## DIRECTIONS
All of the listing is to be written out word for word, with the pictures left out.
[Start of Attachment]
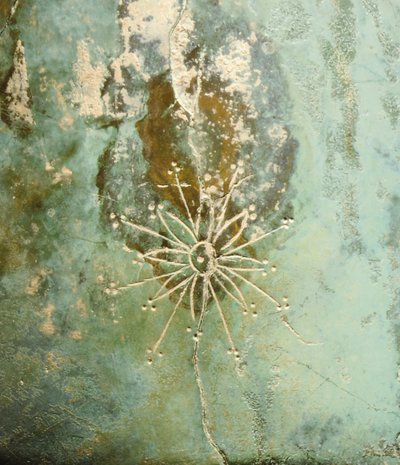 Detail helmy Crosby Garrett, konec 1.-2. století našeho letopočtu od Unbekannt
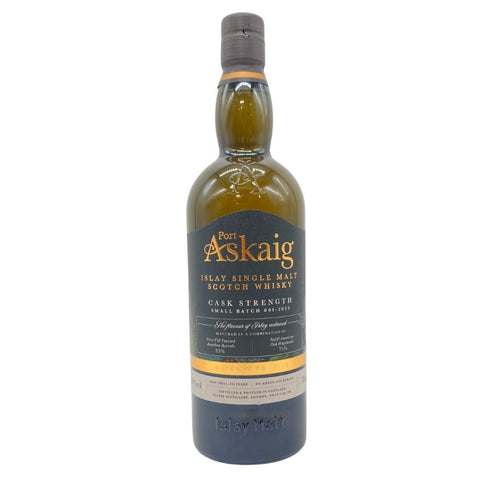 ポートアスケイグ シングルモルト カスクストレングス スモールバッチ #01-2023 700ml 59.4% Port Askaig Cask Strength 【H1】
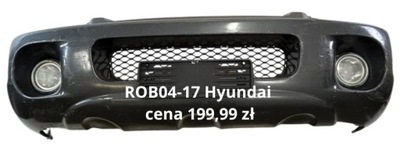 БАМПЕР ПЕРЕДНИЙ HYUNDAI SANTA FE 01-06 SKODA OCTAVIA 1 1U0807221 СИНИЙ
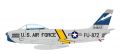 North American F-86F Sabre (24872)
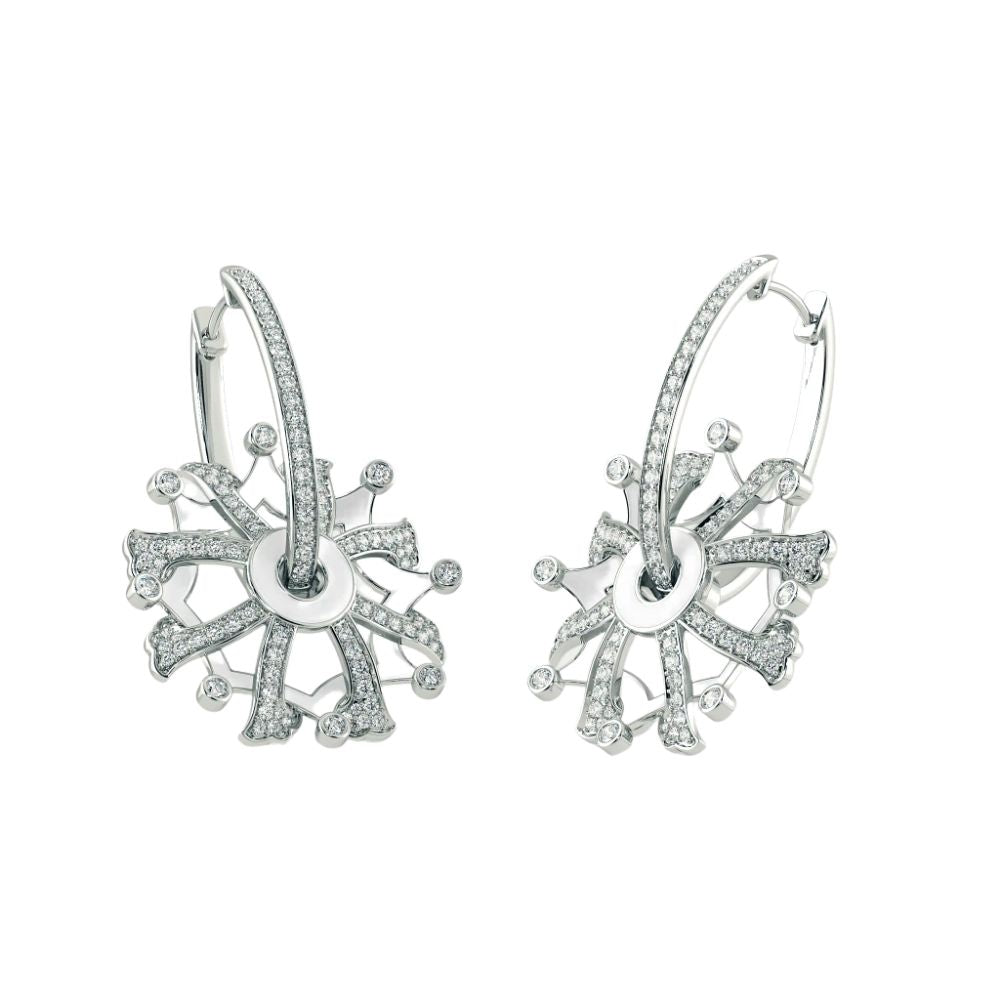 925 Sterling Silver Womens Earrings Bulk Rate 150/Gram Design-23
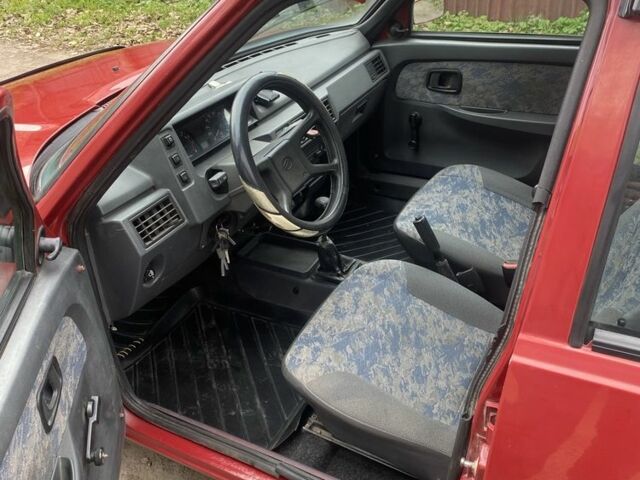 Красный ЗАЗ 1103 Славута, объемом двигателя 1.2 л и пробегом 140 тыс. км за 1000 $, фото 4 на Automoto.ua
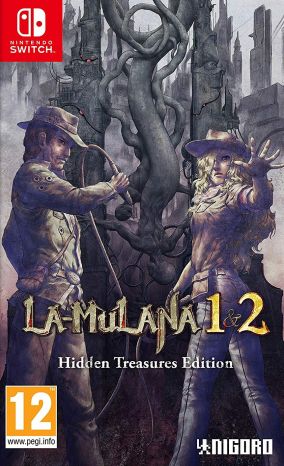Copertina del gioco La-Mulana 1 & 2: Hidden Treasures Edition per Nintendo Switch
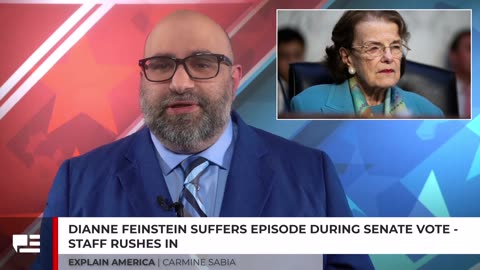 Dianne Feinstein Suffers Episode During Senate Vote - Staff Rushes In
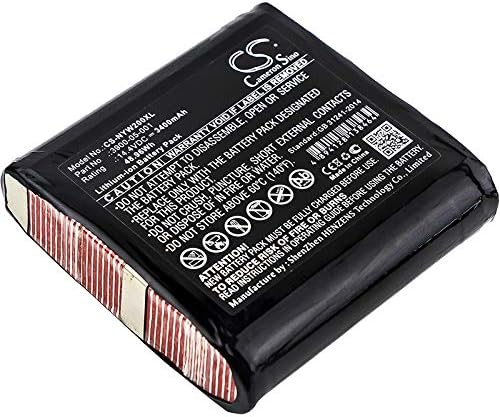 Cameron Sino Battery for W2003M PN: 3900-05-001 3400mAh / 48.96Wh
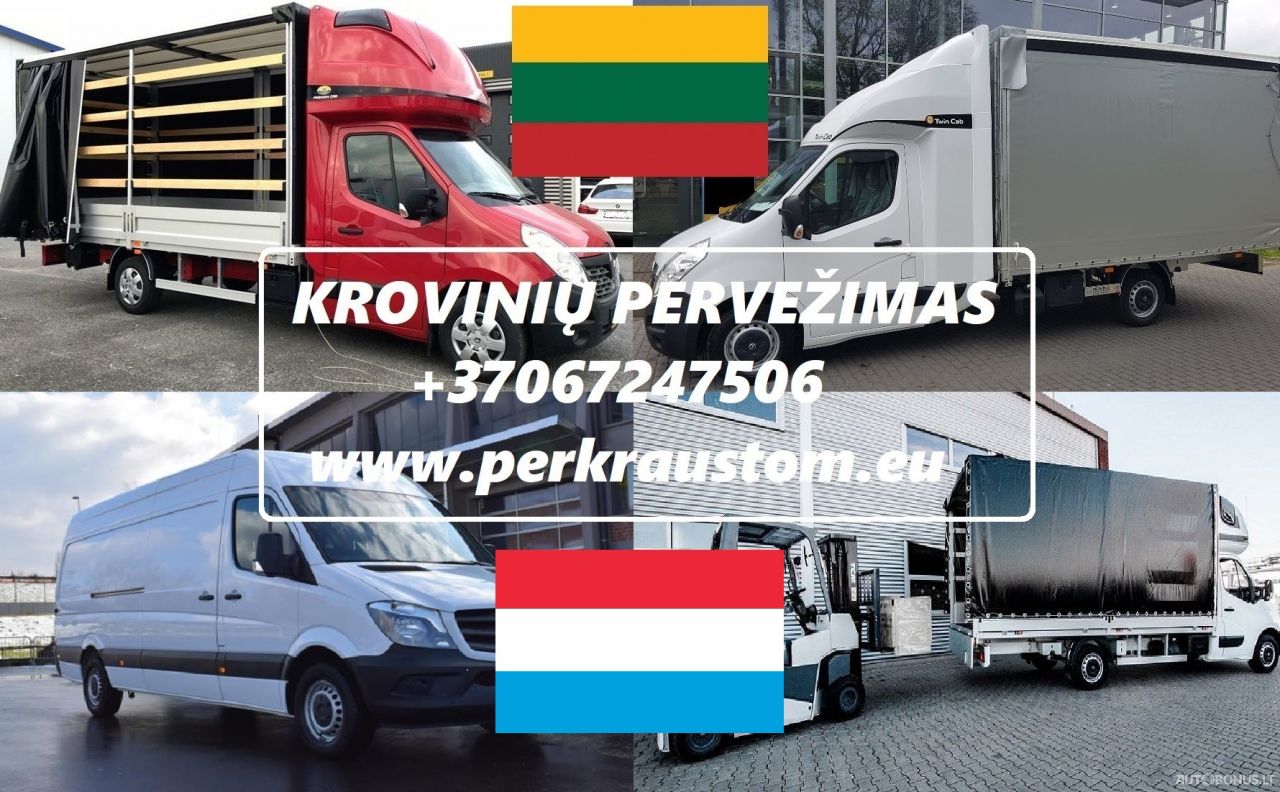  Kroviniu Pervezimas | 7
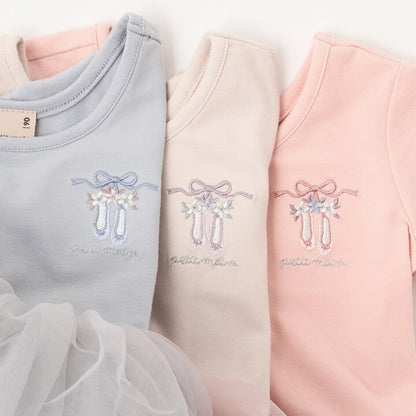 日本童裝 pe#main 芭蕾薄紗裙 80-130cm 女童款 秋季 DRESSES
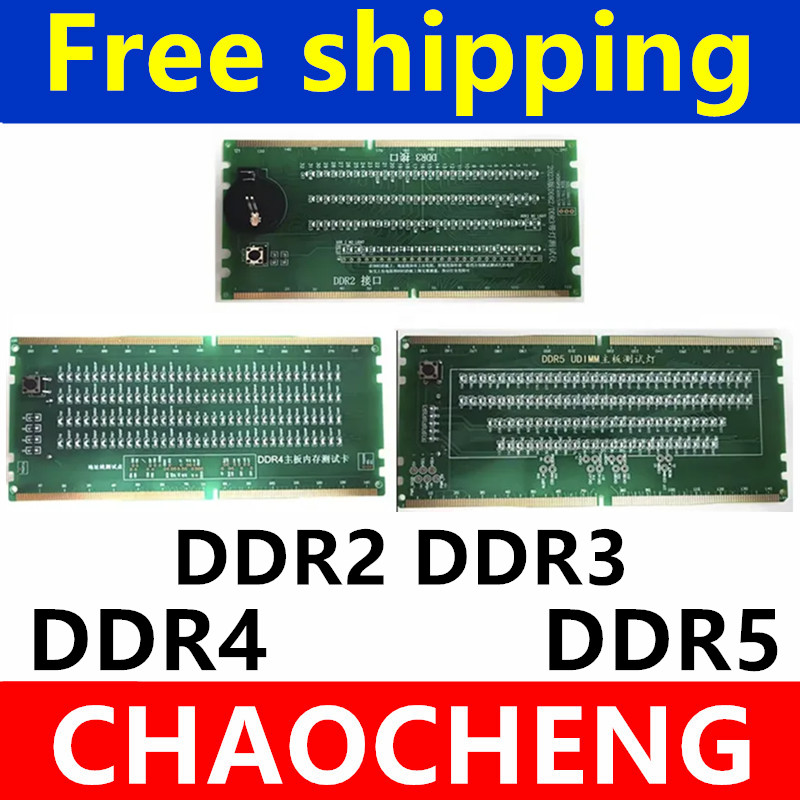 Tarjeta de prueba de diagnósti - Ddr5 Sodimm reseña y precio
[End of Attachment]
## RESPONSE
 Detail helmy Crosby Garrett, konec 1.-2. století našeho letopočtu od Unbekannt
 ポートアスケイグ シングルモルト カスクストレングス スモールバッチ #01-2023 700ml 59.4% Port Askaig Cask Strength 【H1】
 БАМПЕР ПЕРЕДНИЙ HYUNDAI SANTA FE 01-06 SKODA OCTAVIA 1 1U0807221 СИНИЙ
 North American F-86F Sabre (24872)
 925 Sterling Silver Womens Earrings Bulk Rate 150/Gram Design-23
 Красный ЗАЗ 1103 Славута, объемом двигателя 1.2 л и пробегом 140 тыс. км за 1000 $, фото 4 на Automoto.ua
Copertina del gioco La-Mulana 1 & 2: Hidden Treasures Edition per Nintendo Switch
 Dianne Feinstein Suffers Episode During Senate Vote - Staff Rushes In
 Cameron Sino Battery for W2003M PN: 3900-05-001 3400mAh / 48.96Wh
  Kroviniu Pervezimas | 7
 日本童裝 pe#main 芭蕾薄紗裙 80-130cm 女童款 秋季 DRESSES
 Tarjeta de prueba de diagnósti - Ddr5 Sodimm reseña y precio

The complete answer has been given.